Segment Start: Material provided
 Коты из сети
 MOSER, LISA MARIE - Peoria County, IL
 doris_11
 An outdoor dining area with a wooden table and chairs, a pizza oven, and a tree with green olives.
Segment End: Material provided
- _Exercise aim_
Only an exact copy of the data above will do.

- _Completed exercise_
 Коты из сети
 MOSER, LISA MARIE - Peoria County, IL
 doris_11
 An outdoor dining area with a wooden table and chairs, a pizza oven, and a tree with green olives.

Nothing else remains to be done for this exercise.